7. Be Prepared for Wildlife
Again, we’re assuming you are a good distance from civilization in the deep woods somewhere in North America. Unlike hiking in the Alps at night that means you’re going to have to be mindful of wildlife. Nocturnal dangerous animals are numerous in the American wilderness and need to be respected, not feared. It’s entirely possible that you’ll hear rustling in the underbrush next to the trail which could be anything from a mouse to a mountain lion depending on where you are. One thing it probably isn’t is a bear. So you can rest a little easier anyway. If it seems like the animal stalking you is large it may be time to whip out your emergency whistles and let ‘em rip. That should be more than enough to scare them off, even if it’s a skunk, raccoon or coyote.

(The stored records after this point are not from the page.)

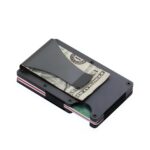 Porte-cartes élégance aluminium - Pince à billets et rangement 12 cartes - Noir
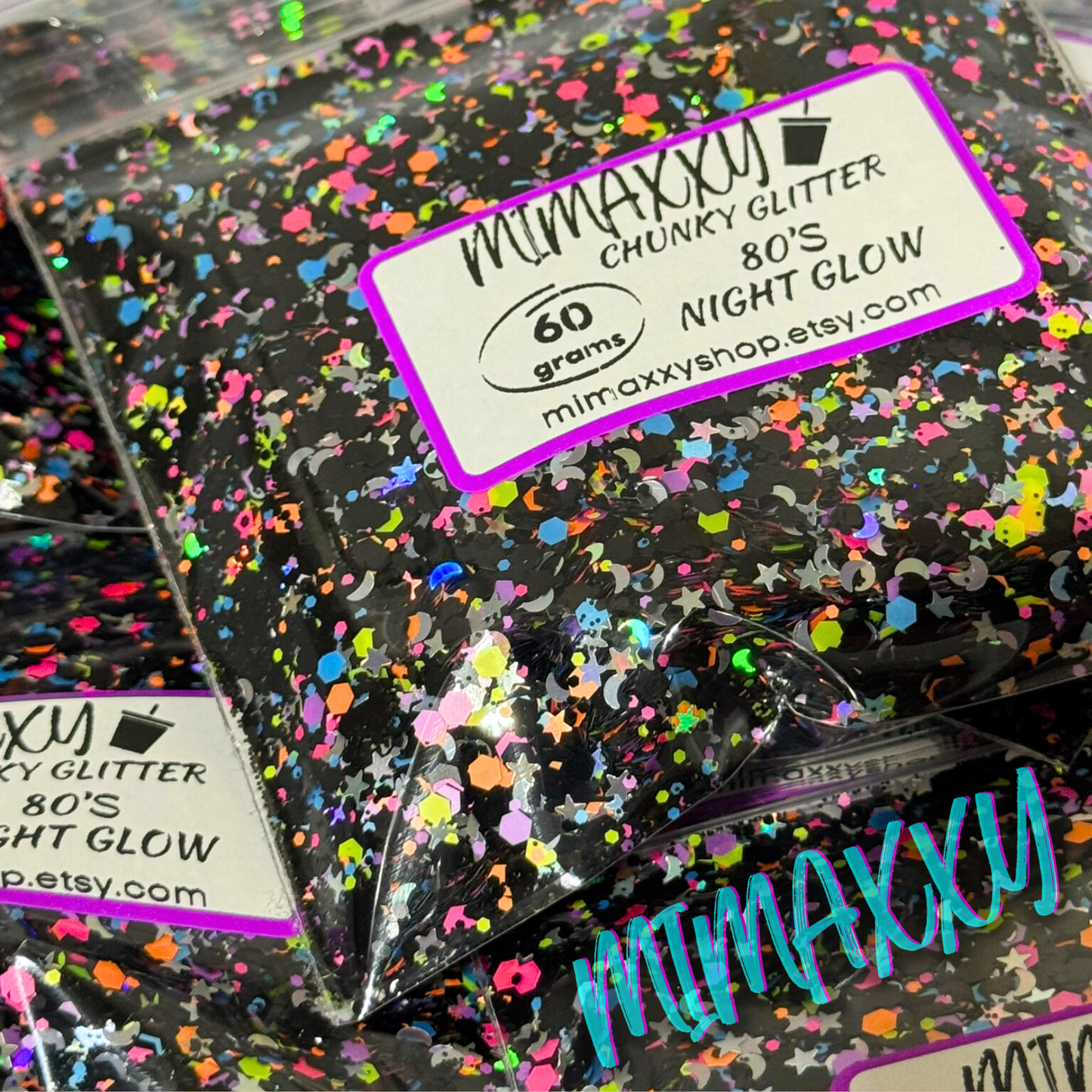 80'S NIGHT GLOW, Shaped Glitter, Chunky Glitter Mix, Cosmetic Glitter,Nail Art, Resin art,Snow Globe Tumbler,Craft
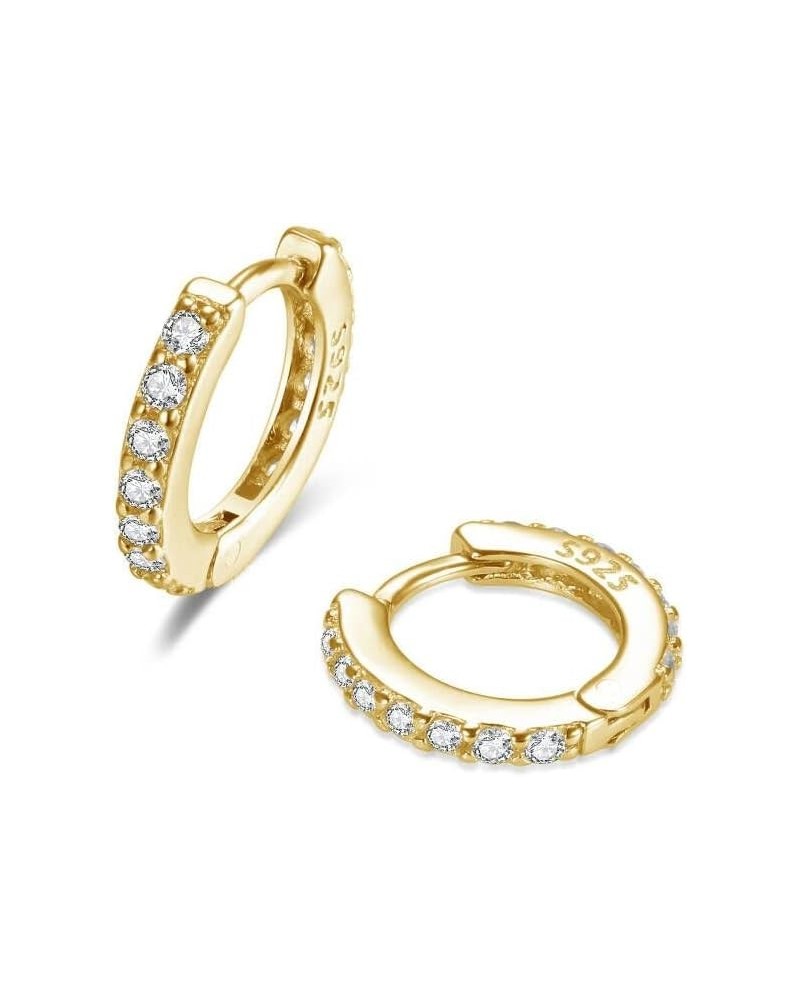 Small CZ Huggie Hoop Earrings for Women Girls, Dainty Lightweight Huggie Earring for Everyday in 925 Sterling Silver, Hypoall...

A Couple of Bonus Tips for Good Measure
Because you can never have enough solid, timely advice when it comes to night hiking here are a couple of bonus pointers for your consideration.
Be Aware Of the Other People in the Group
Not everyone is comfortable in the woods at night. That’s just the way it is. In addition, some people don’t find out they’re uncomfortable in the woods at night until they start hiking in the woods at night. If you find out after a few hours of hiking that one of the members of your group is really uncomfortable it’s not time to point fingers and say “scaredy-cat, scaredy-cat”. It’s time to rearrange the lineup to put them in the center of the group, give them a tactical flashlight if it makes them feel better and start talking them up. Talk about anything: the weather, sports, movies or how you’re not all that comfortable yourself but you get through it by concentrating on the next step and nothing else.
Turn off Your Cell Phones
This is important. Sure you’ll want to have your mobile phone with you in case of emergency. But unless there is an emergency everyone should keep their phone off and packed away in their hiking bags. You can’t face your fears, build trust and get the experience of being out of contact with the world if the person behind you is talking on the phone, the person in front of you is taking selfies and posting them to Facebook and somebody’s playing music. This is not a blanket condemnation of technology. Not at all. Because if there is any type of emergency you’ll lean heavily on your phone, hunting GPS and more. And rightfully so. Instead, by putting your phones away you are just acknowledging that there’s a time and a place for everything. And walking through the woods at night with the Milky Way overhead, damp fragrant sod under your feet and cool, clean air on your face is not the time for Snapchat.
Take the above tips to heart and your night hiking will be an experience you’ll never forget. For all the right reasons.